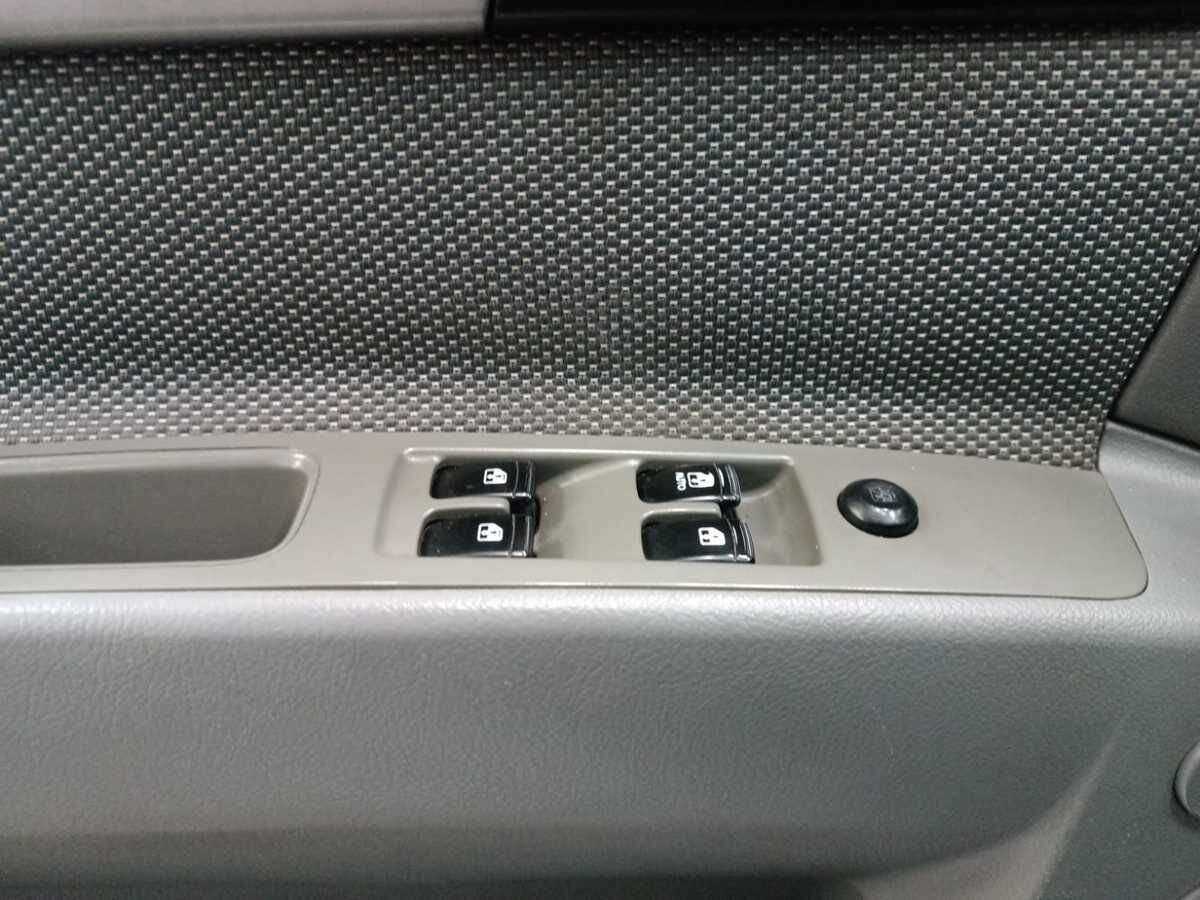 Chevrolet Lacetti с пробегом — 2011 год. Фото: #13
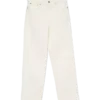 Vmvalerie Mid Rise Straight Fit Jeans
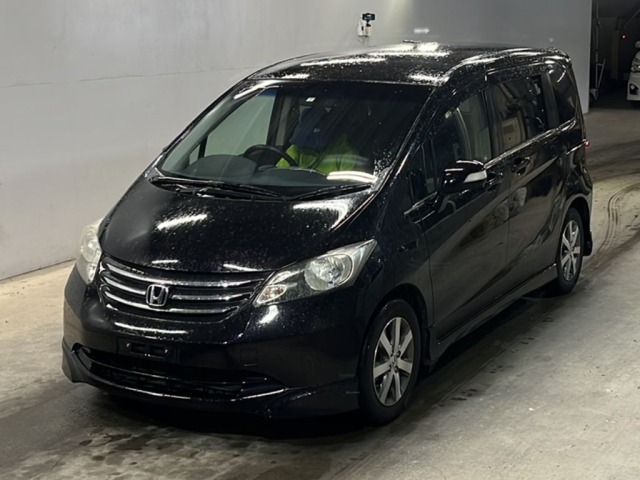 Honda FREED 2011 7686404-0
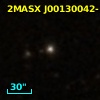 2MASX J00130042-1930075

· · · · · · ·

=== WORK TO BE COMPLETED ===
Write out the whole listing verbatim, images excluded.

=== EXERCISE ANSWER ===
 Chevrolet Lacetti с пробегом — 2011 год. Фото: #13
 Vmvalerie Mid Rise Straight Fit Jeans
 Honda FREED 2011 7686404-0
 2MASX J00130042-1930075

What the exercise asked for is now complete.